Exercise prompt: Go line by line through the data and copy those with the word "Natural".

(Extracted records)
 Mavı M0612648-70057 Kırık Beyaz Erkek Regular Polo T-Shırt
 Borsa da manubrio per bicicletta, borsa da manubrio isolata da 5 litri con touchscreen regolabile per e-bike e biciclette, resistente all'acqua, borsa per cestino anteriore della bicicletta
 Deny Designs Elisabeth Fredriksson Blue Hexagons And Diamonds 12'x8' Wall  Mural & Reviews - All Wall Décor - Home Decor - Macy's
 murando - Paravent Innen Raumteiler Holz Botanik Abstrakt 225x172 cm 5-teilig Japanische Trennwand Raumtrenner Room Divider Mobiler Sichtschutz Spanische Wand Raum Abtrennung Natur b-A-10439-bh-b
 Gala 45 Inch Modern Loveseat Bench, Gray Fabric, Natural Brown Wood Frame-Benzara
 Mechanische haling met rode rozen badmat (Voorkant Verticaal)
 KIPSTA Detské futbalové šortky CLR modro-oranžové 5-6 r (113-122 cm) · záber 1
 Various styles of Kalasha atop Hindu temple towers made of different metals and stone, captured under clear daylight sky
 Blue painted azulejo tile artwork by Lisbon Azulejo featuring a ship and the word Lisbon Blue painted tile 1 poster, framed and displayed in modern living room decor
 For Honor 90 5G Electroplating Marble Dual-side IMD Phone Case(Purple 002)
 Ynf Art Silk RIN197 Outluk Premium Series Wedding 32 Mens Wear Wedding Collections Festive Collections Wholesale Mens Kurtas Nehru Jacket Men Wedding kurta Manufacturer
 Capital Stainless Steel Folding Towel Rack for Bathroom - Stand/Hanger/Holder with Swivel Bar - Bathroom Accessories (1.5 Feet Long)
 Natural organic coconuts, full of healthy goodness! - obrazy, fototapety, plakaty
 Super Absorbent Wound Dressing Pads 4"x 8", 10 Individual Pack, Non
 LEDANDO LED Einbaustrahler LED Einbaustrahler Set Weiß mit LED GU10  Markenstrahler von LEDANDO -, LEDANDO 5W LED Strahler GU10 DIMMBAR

Response:
 Gala 45 Inch Modern Loveseat Bench, Gray Fabric, Natural Brown Wood Frame-Benzara
 Natural organic coconuts, full of healthy goodness! - obrazy, fototapety, plakaty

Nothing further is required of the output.